RECORDS TO USE
------------------------
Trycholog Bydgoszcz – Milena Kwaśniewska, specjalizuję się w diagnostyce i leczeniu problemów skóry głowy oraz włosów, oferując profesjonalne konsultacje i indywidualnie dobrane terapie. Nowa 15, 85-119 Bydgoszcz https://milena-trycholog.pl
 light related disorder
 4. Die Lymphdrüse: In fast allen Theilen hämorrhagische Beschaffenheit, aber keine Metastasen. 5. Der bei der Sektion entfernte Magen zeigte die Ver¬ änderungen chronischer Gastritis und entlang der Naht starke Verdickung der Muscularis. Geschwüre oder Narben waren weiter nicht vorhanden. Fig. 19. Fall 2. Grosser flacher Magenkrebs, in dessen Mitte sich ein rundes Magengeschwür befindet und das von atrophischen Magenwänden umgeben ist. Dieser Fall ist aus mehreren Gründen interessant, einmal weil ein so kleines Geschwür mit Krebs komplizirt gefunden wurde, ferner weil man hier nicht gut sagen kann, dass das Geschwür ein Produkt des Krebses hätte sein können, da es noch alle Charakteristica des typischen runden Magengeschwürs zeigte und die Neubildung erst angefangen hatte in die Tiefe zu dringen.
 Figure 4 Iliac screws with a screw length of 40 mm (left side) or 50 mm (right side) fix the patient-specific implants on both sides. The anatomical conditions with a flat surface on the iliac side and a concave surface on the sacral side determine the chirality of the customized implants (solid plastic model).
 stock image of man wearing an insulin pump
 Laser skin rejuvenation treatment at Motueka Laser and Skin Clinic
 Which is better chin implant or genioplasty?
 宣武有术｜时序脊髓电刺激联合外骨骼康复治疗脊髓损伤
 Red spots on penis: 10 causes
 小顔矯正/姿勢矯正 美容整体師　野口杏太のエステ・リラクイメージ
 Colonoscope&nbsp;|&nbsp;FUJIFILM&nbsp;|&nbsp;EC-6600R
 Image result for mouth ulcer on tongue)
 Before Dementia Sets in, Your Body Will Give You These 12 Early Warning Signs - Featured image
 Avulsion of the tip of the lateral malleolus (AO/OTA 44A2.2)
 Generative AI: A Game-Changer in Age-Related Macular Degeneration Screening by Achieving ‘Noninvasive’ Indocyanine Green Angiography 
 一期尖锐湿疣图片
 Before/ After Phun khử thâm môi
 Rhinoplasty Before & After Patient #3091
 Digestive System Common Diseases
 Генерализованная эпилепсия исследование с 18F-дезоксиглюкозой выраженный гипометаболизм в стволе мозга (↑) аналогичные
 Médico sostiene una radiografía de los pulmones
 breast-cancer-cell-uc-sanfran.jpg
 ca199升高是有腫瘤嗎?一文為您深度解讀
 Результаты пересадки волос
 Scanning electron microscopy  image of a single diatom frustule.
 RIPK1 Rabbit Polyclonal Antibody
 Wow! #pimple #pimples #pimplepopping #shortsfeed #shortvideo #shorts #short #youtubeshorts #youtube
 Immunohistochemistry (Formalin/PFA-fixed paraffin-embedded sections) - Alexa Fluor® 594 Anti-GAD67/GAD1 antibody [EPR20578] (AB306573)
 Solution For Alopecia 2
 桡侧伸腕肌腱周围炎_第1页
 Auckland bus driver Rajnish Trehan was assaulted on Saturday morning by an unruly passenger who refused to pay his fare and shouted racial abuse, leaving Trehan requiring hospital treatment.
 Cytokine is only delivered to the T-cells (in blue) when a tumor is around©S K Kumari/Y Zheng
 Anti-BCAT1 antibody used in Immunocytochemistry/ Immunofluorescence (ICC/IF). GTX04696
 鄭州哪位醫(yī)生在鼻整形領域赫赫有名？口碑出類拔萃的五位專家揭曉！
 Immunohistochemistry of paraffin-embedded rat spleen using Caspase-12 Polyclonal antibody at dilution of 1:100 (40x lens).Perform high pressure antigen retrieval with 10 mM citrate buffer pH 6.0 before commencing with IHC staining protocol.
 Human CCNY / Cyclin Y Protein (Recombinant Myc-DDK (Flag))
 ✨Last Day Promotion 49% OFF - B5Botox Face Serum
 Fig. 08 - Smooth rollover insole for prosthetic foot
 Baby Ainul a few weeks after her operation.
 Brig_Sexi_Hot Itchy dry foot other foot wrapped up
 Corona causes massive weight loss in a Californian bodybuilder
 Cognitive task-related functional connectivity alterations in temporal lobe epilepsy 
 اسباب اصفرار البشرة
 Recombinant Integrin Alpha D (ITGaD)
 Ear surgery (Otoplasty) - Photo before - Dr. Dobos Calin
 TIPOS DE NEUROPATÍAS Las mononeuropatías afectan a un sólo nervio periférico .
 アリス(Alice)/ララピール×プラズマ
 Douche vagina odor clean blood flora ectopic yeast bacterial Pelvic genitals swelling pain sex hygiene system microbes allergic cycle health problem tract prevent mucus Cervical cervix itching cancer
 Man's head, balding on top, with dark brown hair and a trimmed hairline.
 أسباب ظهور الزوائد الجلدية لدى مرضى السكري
------------------------
WHAT YOU SHOULD DO
As the answer, set down only the lines from the data above between the one holding "Anti-BCAT1 antibody used" and the one holding "Baby Ainul a few weeks after her operation.", inclusive, exactly as they read.

RESULT OF THE EXERCISE
 Anti-BCAT1 antibody used in Immunocytochemistry/ Immunofluorescence (ICC/IF). GTX04696
 鄭州哪位醫(yī)生在鼻整形領域赫赫有名？口碑出類拔萃的五位專家揭曉！
 Immunohistochemistry of paraffin-embedded rat spleen using Caspase-12 Polyclonal antibody at dilution of 1:100 (40x lens).Perform high pressure antigen retrieval with 10 mM citrate buffer pH 6.0 before commencing with IHC staining protocol.
 Human CCNY / Cyclin Y Protein (Recombinant Myc-DDK (Flag))
 ✨Last Day Promotion 49% OFF - B5Botox Face Serum
 Fig. 08 - Smooth rollover insole for prosthetic foot
 Baby Ainul a few weeks after her operation.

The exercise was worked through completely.